● **Data to process**

-------------------------

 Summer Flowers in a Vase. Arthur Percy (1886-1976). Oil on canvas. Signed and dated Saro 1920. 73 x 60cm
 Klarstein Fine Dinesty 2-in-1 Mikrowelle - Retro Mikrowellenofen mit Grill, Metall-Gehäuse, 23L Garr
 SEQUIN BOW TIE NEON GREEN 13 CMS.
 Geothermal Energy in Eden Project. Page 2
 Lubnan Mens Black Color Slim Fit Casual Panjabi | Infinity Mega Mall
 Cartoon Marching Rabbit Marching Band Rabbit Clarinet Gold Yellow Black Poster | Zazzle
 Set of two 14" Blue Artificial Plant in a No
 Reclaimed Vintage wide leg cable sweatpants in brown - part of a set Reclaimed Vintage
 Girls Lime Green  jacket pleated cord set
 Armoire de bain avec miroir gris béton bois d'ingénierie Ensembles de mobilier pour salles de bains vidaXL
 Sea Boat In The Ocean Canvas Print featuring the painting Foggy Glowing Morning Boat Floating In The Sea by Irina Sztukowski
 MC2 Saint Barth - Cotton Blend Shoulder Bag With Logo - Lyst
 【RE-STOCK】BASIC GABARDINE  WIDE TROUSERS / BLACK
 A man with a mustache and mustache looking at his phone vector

-------------------------

● **Directions**
From the listing above, extract all records word for word.

● **Reply**
 Summer Flowers in a Vase. Arthur Percy (1886-1976). Oil on canvas. Signed and dated Saro 1920. 73 x 60cm
 Klarstein Fine Dinesty 2-in-1 Mikrowelle - Retro Mikrowellenofen mit Grill, Metall-Gehäuse, 23L Garr
 SEQUIN BOW TIE NEON GREEN 13 CMS.
 Geothermal Energy in Eden Project. Page 2
 Lubnan Mens Black Color Slim Fit Casual Panjabi | Infinity Mega Mall
 Cartoon Marching Rabbit Marching Band Rabbit Clarinet Gold Yellow Black Poster | Zazzle
 Set of two 14" Blue Artificial Plant in a No
 Reclaimed Vintage wide leg cable sweatpants in brown - part of a set Reclaimed Vintage
 Girls Lime Green  jacket pleated cord set
 Armoire de bain avec miroir gris béton bois d'ingénierie Ensembles de mobilier pour salles de bains vidaXL
 Sea Boat In The Ocean Canvas Print featuring the painting Foggy Glowing Morning Boat Floating In The Sea by Irina Sztukowski
 MC2 Saint Barth - Cotton Blend Shoulder Bag With Logo - Lyst
 【RE-STOCK】BASIC GABARDINE  WIDE TROUSERS / BLACK
 A man with a mustache and mustache looking at his phone vector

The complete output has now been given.